Lettre ouverte aux associations de protection de l'enfance de Tony Quillardet, ancien jeune confié à l'aide sociale à l'enfance (ASE) et président de Parlons d'eux.
Chères associations, chers bénévoles,
Des centaines d’associations en protection de l’enfance, des milliers de projets innovants, et pourtant les murs sont là. Malgré les efforts considérables déployés par un vaste réseau d'acteurs et de bénévoles engagés dans la protection de l'enfance, les défis persistent et semblent parfois insurmontables.
Il est aujourd'hui temps d’abattre ces murs. Face à l'entre soi qui nous consume et à la discorde qui nous éloigne les uns des autres dans notre monde associatif, nous vous adressons ces mots avec un poids dans le cœur. Depuis trop longtemps, nous nous sommes perdus dans un dédale de rivalités et d'égos, oubliant parfois la raison même pour laquelle nous avons commencé ce noble chemin : tendre pleinement la main à ceux qui ont le plus besoin de notre aide, nos jeunes et nos familles.
Alors que nos initiatives sont reprises par d'autres, pourquoi les percevoir comme une menace ? Ne devrions-nous pas plutôt nous réjouir de l'accompagnement offert à davantage de jeunes ? Pourquoi chercher à se réapproprier le travail des autres sans penser à s'unir pour le développer ensemble ? Pourquoi investir notre énergie dans des querelles sémantiques et des débats stériles sur les termes utilisés ? Pourquoi sous-estimer le travail des autres alors que notre objectif commun demeure le même ? Pourquoi minimiser le témoignage d'autrui en prétendant avoir vécu des épreuves plus difficiles ? Pourquoi établir une hiérarchie dans l'engagement de chacun alors que chaque contribution est précieuse ?

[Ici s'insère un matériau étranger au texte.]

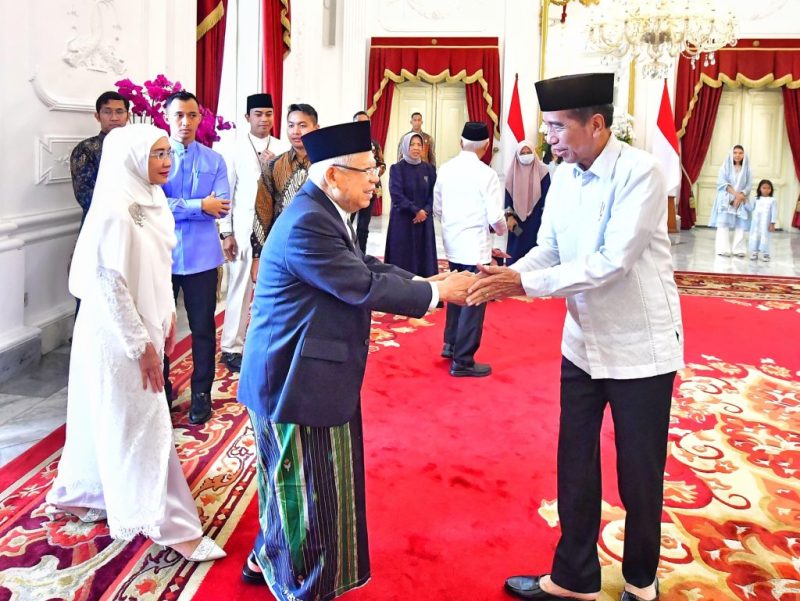 Pada momen hari raya Idul Fitri 1445 Hijriah, Presiden RI Joko Widodo [Jokowi] dan Ibu Negara Iriana Jokowi bersilaturahmi bersama Wakil Presiden [Wapres] Ma’ruf Amin dan Ibu Wury Ma’ruf Amin, serta para Kepala Lembaga, Menteri Kabinet Indonesia Maju, dan Duta Besar. [Foto: Setkab]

N'oublions jamais que nos désaccords ne se limitent pas à des « guerres » entre nous. Ils ont des conséquences concrètes et sérieuses sur ce que nous essayons de bâtir. Ils nous font assurément perdre en efficacité dans l’accompagnement de ces jeunes et de ces familles, voire toute crédibilité aux yeux du public et des politiques. Concrètement, cela met complètement en péril notre capacité à réaliser notre mission commune, la même pour tous : prévenir, accompagner, protéger et réinsérer nos enfants et nos familles.
Par conséquent, l’annonce imminente de l'installation de la commission d'enquête sur les dysfonctionnements de l'aide sociale à l'enfance devrait être un signal d'alarme retentissant pour nous tous. Cette commission va prochainement braquer les projecteurs de la société sur les fissures de notre système, révélant les injustices et les souffrances que nous rencontrons chaque jour. C'est un appel pressant à nous réveiller, à ouvrir les yeux sur l'urgence de la situation qui nous entoure, mais également à saisir cette opportunité de lumière pour faire bloc et émerger ensemble dans les débats de notre société.
Dans ce contexte à la fois troublant et de mise en lumière, il est alors crucial que nous dépassions nos querelles internes et nos différends pour nous rassembler autour d'un seul but : défendre seulement les intérêts des plus vulnérables parmi nous. Car c'est seulement ensemble, dans l'unité, la solidarité et le désintéressement, que nous pourrons faire entendre notre voix avec force et détermination. Nous n'avons rien à récupérer personnellement, c'est certain. Notre propre parcours est déjà écrit, mais nous devons aspirer à un avenir meilleur pour les jeunes qui sont actuellement ou seront pris en charge par ces services. Plaçons notre espoir en eux et ne cherchons, nous le répétons, aucun intérêt personnel en cela. Dans ces luttes, la seule chose à gagner est le bien-être des jeunes et des familles.
Ne soyons pas d’accord : nous sommes profondément convaincus que nos désaccords ne sont que le reflet de notre passion et de notre engagement envers nos missions respectives. Mais le temps est venu de transcender ces différences pour nous concentrer sur ce qui est vraiment important.
Nous vous implorons donc, avec tout le respect que nous vous devons ainsi qu’à votre travail, de mettre de côté nos rancœurs et nos vanités. Dans cet instant décisif pour la protection de l'enfance, joignons toutes nos forces, qu’importe la taille de notre structure, dans un geste de réconciliation et d'action collective.
Ensemble, nous le répétons avec conviction, nous avons le pouvoir d’associer le grand public et de faire une différence tangible dans la vie de ceux que nous servons.
Sortez de l'impasse ! Priorité à la jeunesse : choisissez l'action, pas l'obstination.